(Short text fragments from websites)
※

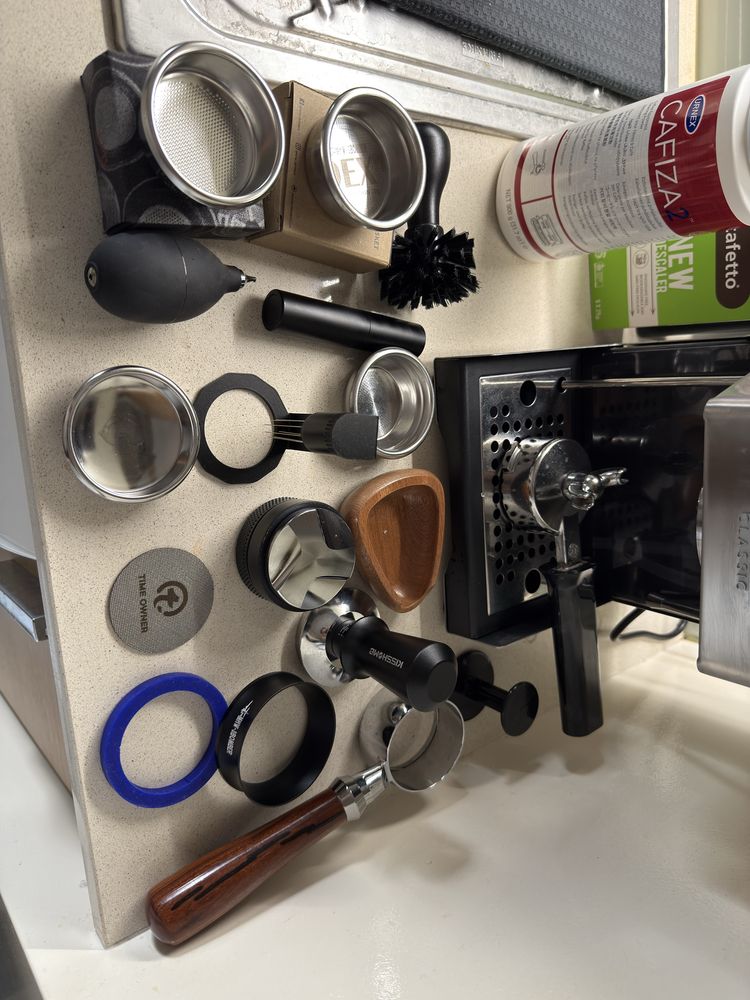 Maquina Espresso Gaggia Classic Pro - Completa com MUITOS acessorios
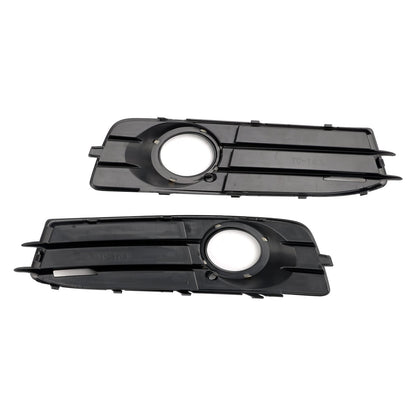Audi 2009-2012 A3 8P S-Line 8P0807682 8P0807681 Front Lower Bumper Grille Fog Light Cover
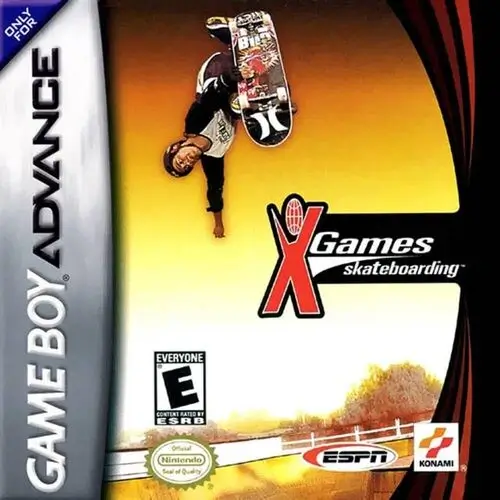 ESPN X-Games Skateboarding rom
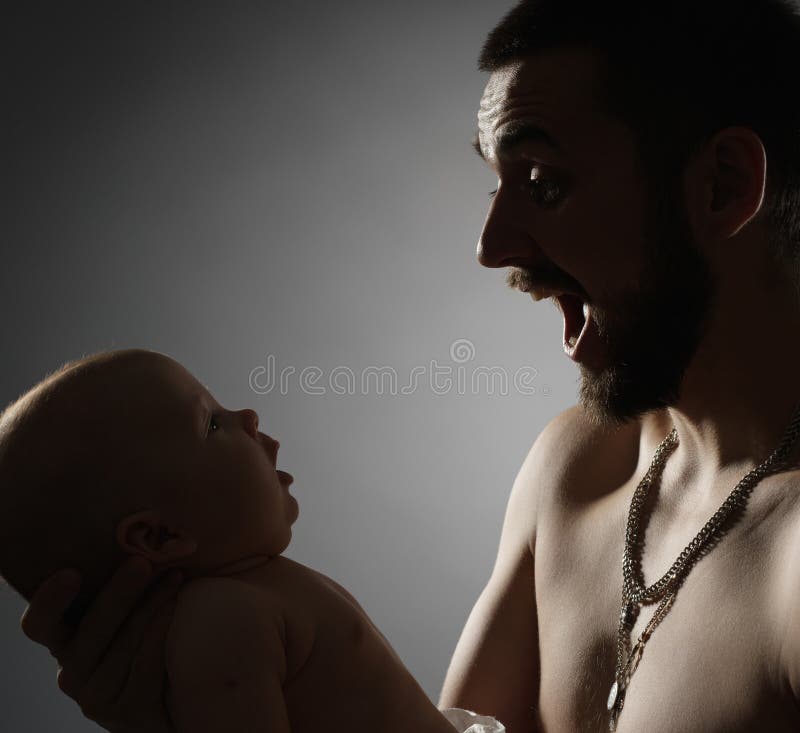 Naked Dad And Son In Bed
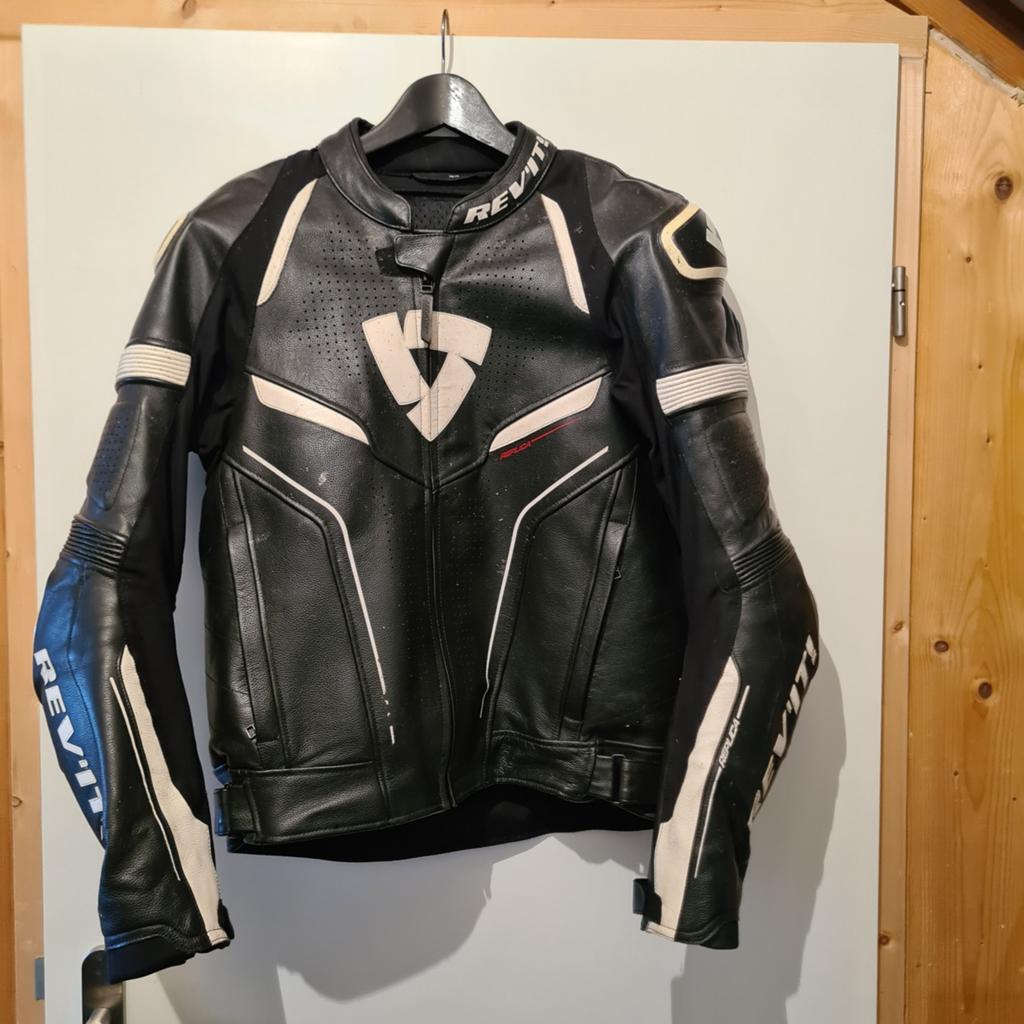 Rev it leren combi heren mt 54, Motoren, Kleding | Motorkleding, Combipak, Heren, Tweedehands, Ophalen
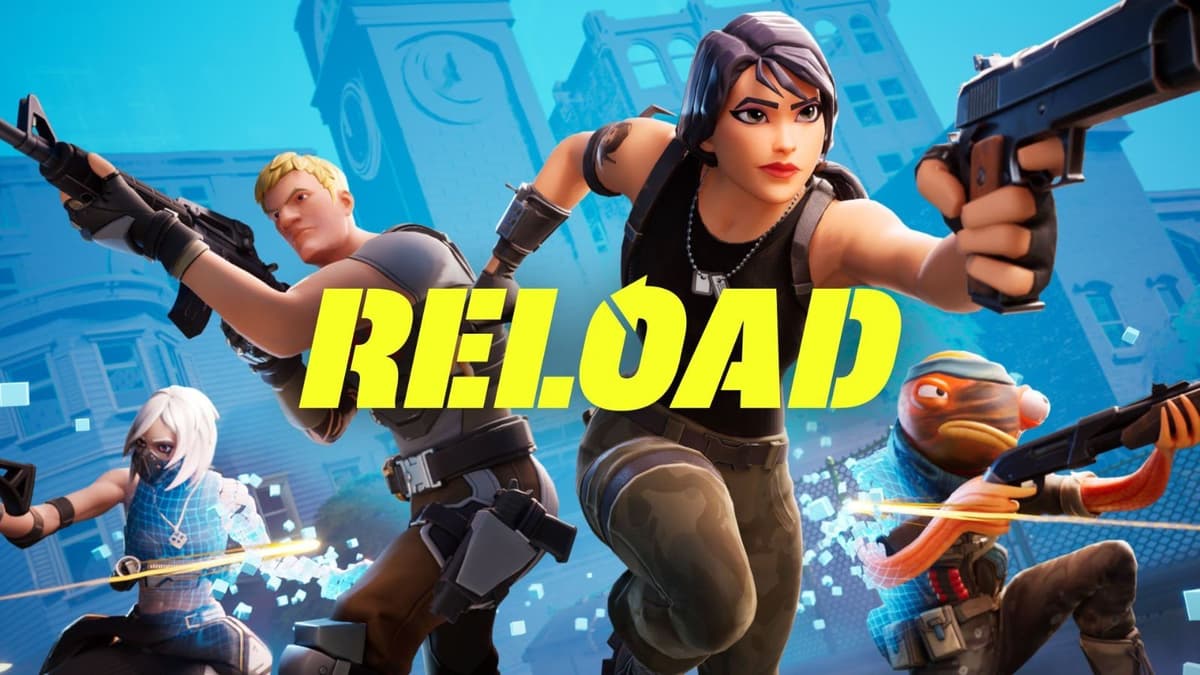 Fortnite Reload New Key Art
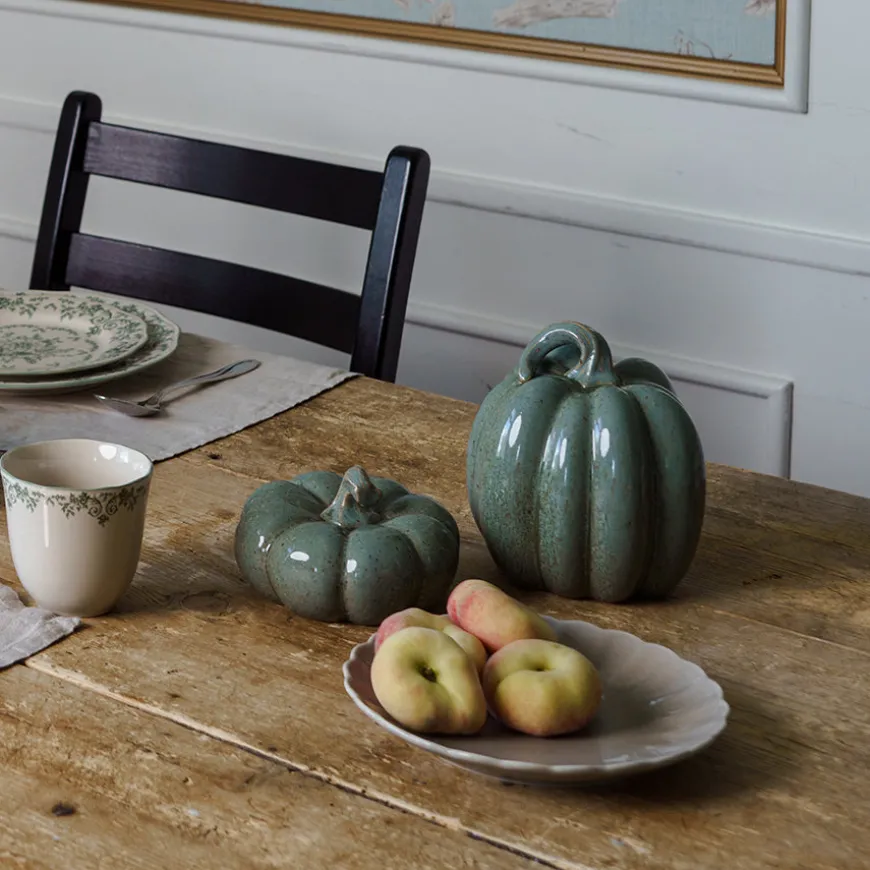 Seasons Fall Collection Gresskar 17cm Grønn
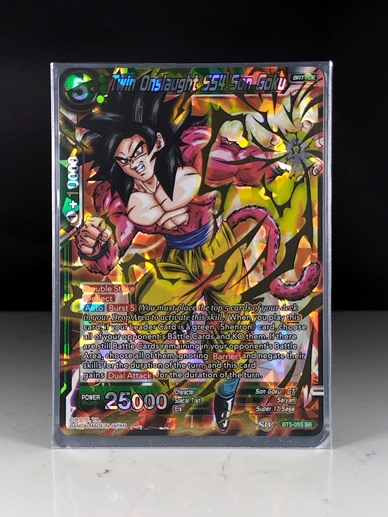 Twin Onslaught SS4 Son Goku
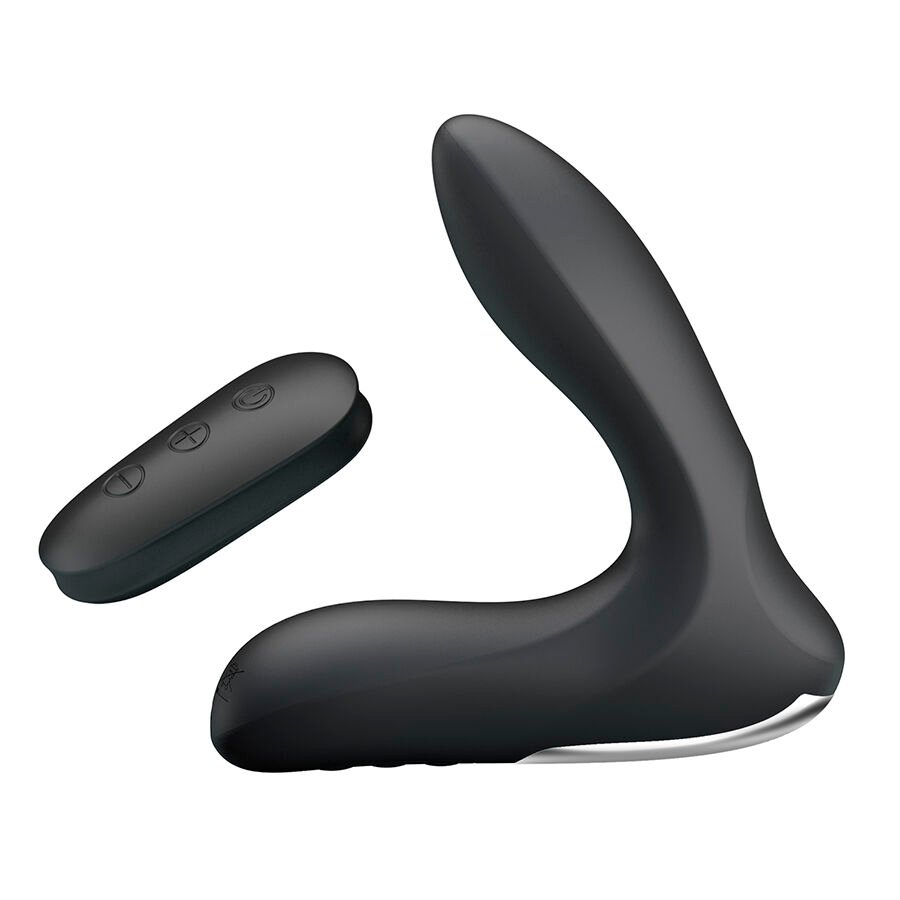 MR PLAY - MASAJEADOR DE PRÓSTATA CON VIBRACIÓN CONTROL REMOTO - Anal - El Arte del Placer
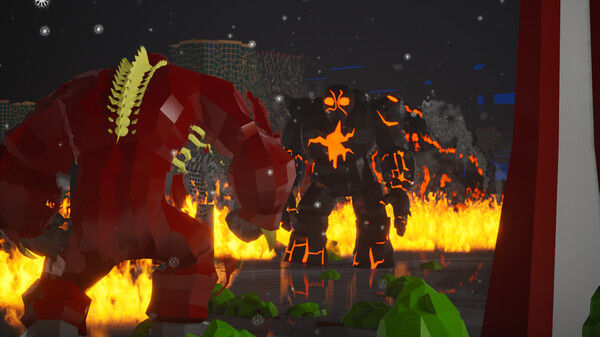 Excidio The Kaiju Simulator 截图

※

What is being asked
With all pictures omitted, return exactly the lines from the one containing "Fortnite Reload New Key Art" through the end of the entries above.

Result below
 Fortnite Reload New Key Art
 Seasons Fall Collection Gresskar 17cm Grønn
 Twin Onslaught SS4 Son Goku
 MR PLAY - MASAJEADOR DE PRÓSTATA CON VIBRACIÓN CONTROL REMOTO - Anal - El Arte del Placer
 Excidio The Kaiju Simulator 截图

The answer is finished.